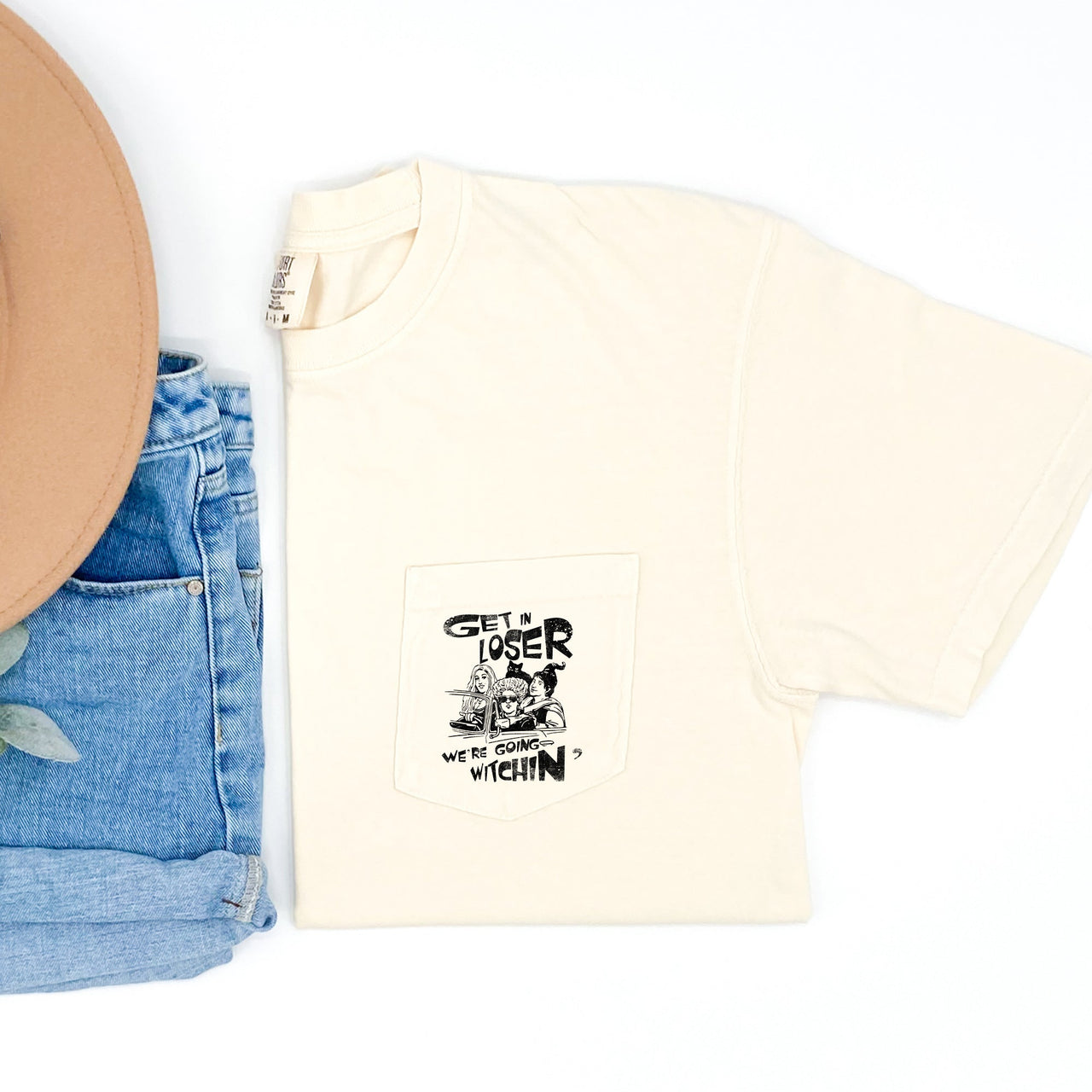 We're Going Witchin' Halloween Pocket Limited Edition Premium Comfort Colors Tee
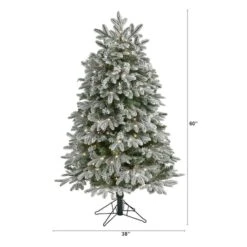 5ft. Pre-Lit Flocked Colorado Mountain Fir Artificial Christmas Tree, Warm White Microdot LED Lights 13 5ft. Pre-Lit Flocked Colorado Mountain Fir Artificial Christmas Tree, Warm White Microdot LED Lights -Northlight Shop D255913S 2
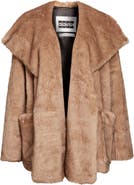 EENK Shawl Collar Faux Fur Jacket with Scarf Detail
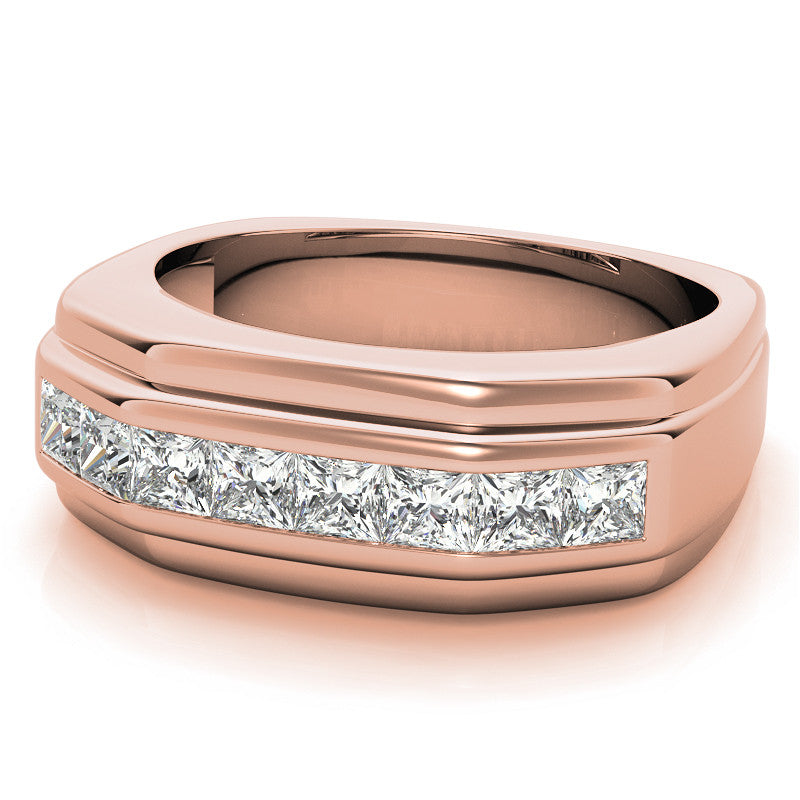 3mm, 1.44ct Square Channel Mens Moissanite Ring
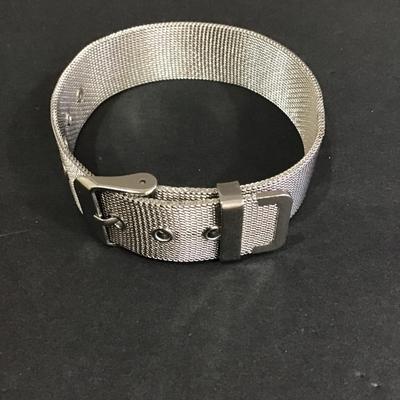 Sale Photo Thumbnail #152: SilverTone mesh buckle bracelet. Very nice condition. Please see attached photos.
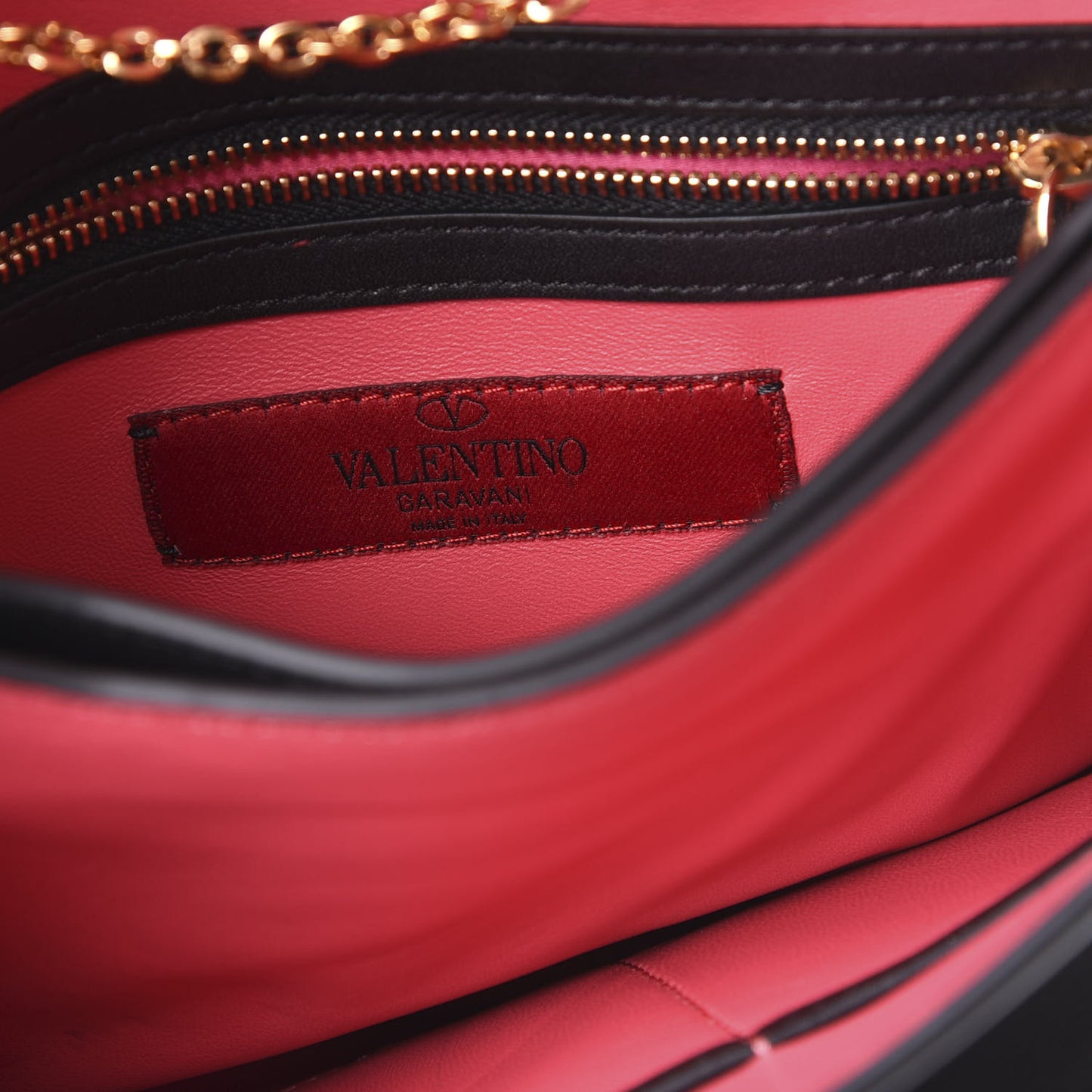 Calfskin Carmen Shoulder Bag Black Deep Rose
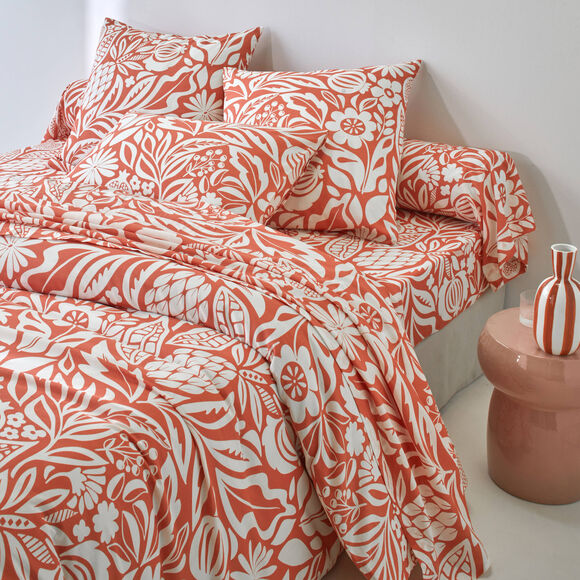 Linge de lit Montego en coton imprim&eacute; (potiron)
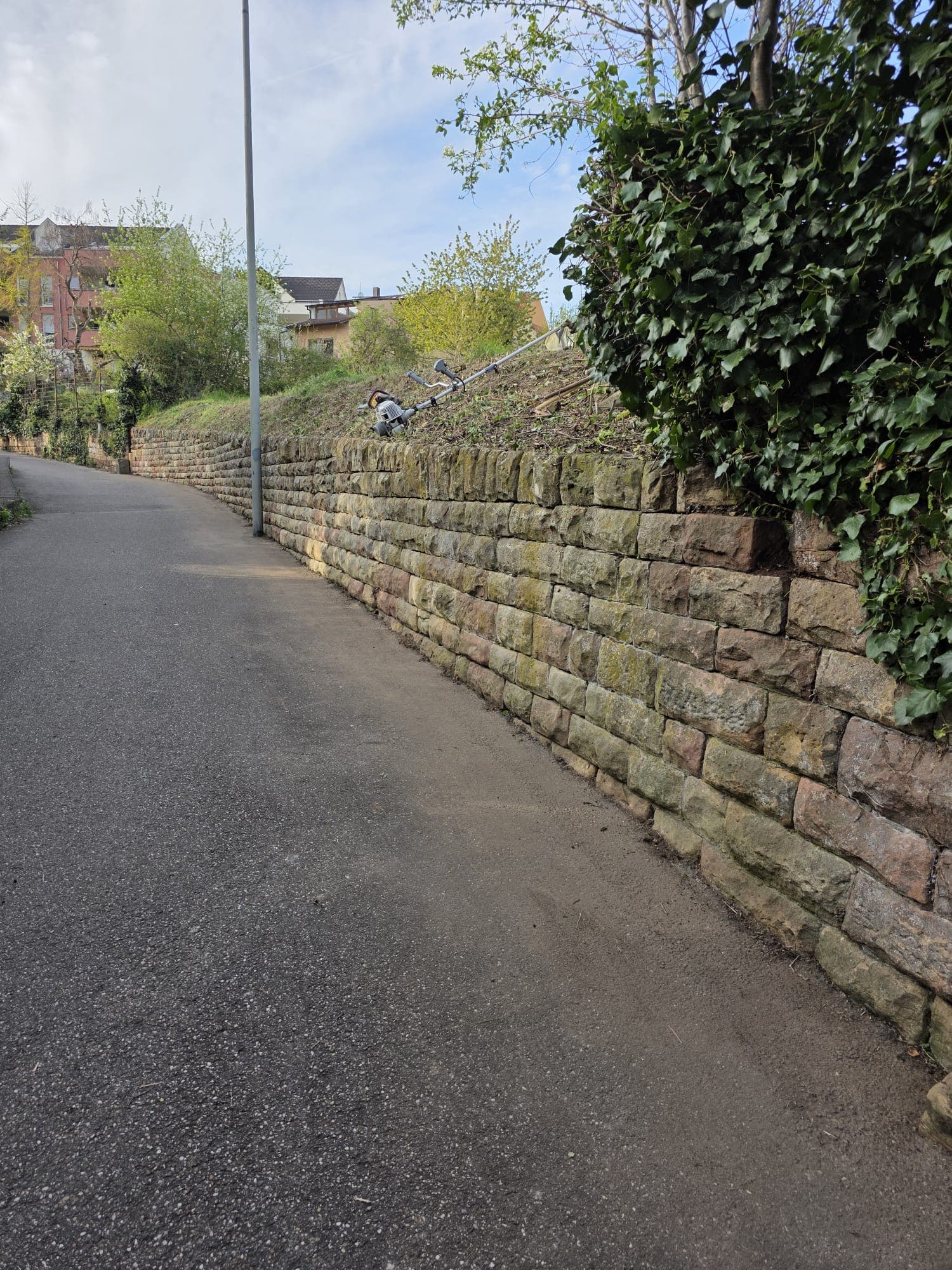 Steinwand-Reinigung – vorher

----

EXERCISE PROMPT:
Lines from the one containing "Linge de lit" through the final line of the entries above are to be retyped exactly, with every picture left out.

SOLUTION FOR THIS PROBLEM:
 Linge de lit Montego en coton imprim&eacute; (potiron)
 Steinwand-Reinigung – vorher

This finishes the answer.